Le laboratoire pharmaceutique Servier et la biotech marseillaise Neurochlore ont annoncé le 15 mars dernier la signature d’un accord de licence exclusive pour le développement et la commercialisation de la bumétanide dans l’autisme chez l’enfant en Europe. Un médicament qui pourrait devenir le premier traitement global des symptômes clés de ce trouble neurodéveloppemental complexe. Selon les termes de l’accord, Servier développera et commercialisera le produit en Europe et Neurochlore conservera les droits pour les USA. Les droits pour les autres pays sont en négociation. Le plan de développement inclut 3 études de phase 3 avec une formulation liquide orale destinée à l’enfant.
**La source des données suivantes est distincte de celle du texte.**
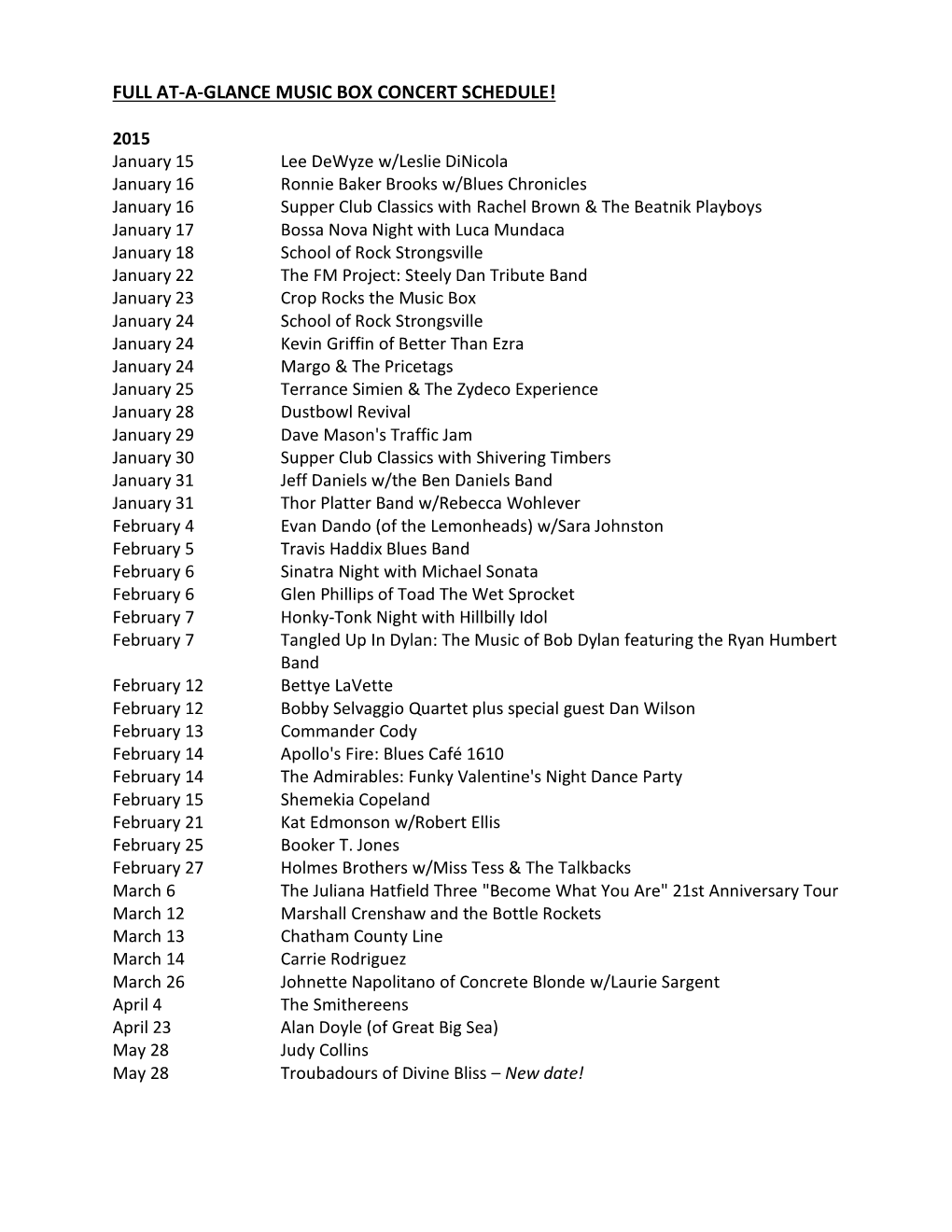 Full At-A-Glance Music Box Concert Schedule!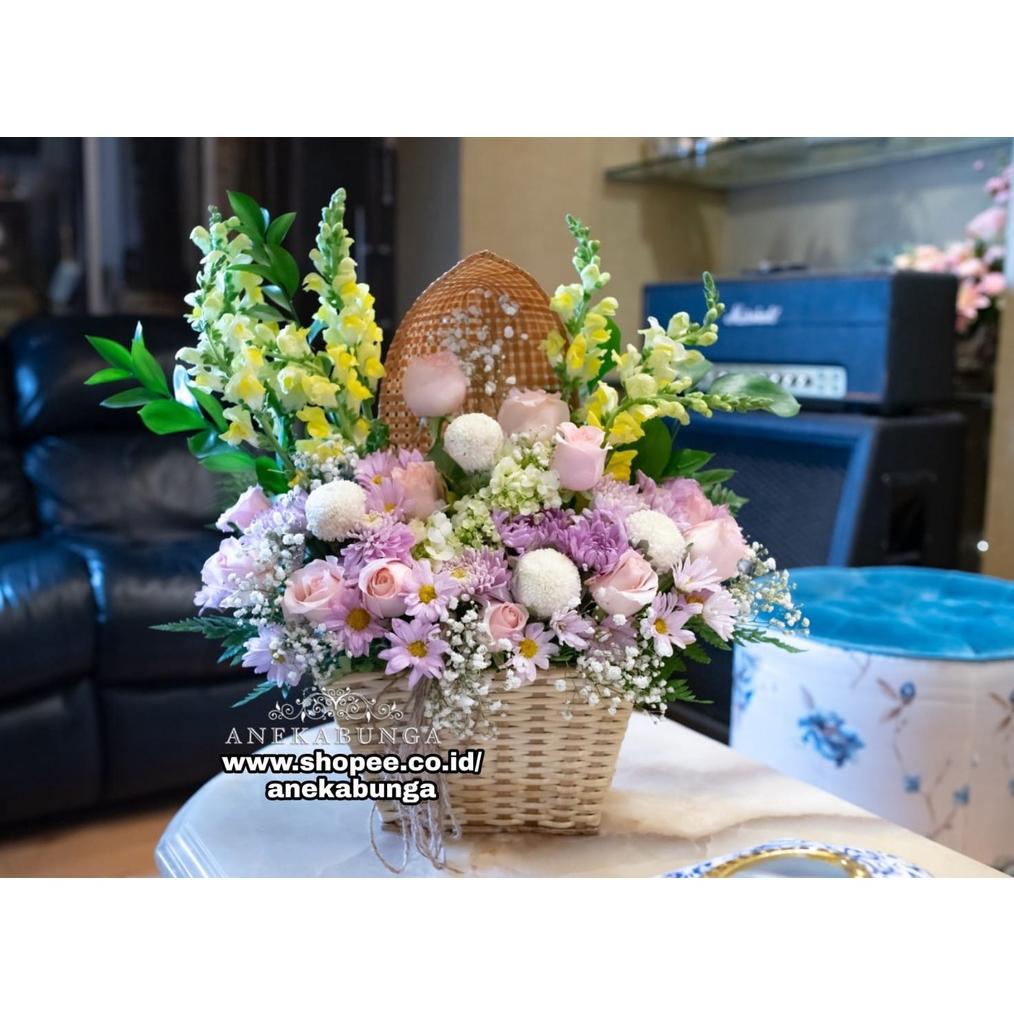 Rangkaian Pot Rotan Vas Bunga Meja Hias Asli Segar Rattan Vase Flower Grand Opening Lekas Sembuh Kad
Un dépôt de demande d’Autorisation de Mise sur le Marché est envisagé fin 2021.
Le professeur Ben-Ari travaille depuis plusieurs années sur le mécanisme d’action de la bumétanide. En 2014, ses travaux, publiés dans la revue Science, ont montré qu’il était possible, dans des modèles animaux, en traitant des femelles gestantes avec de la bumétanide, de prévenir des comportements autistiques chez leurs descendants. La bumétanide agit sur les concentrations élevées de chlore dans les neurones observées dans certaines maladies neurodéveloppementales comme l’autisme. Ces travaux ont rapidement ouvert la voie à des études cliniques chez l’homme. Une étude de phase 2A a tout d’abord été réalisée par le Dr E. Lemonnier, puis un essai de phase 2B multicentrique a été mené par la société Neurochlore dans 6 centres en France sur près de 90 enfants (2-18 ans). Cette étude vient de montrer des résultats encourageants en faveur de la bumétanide sur plusieurs échelles d’autisme. Ces résultats, publiés en mars dernier (1), permettent d’envisager une prise en charge globale du trouble et particulièrement de ses symptômes clés, le déficit social et les comportements stéréotypés.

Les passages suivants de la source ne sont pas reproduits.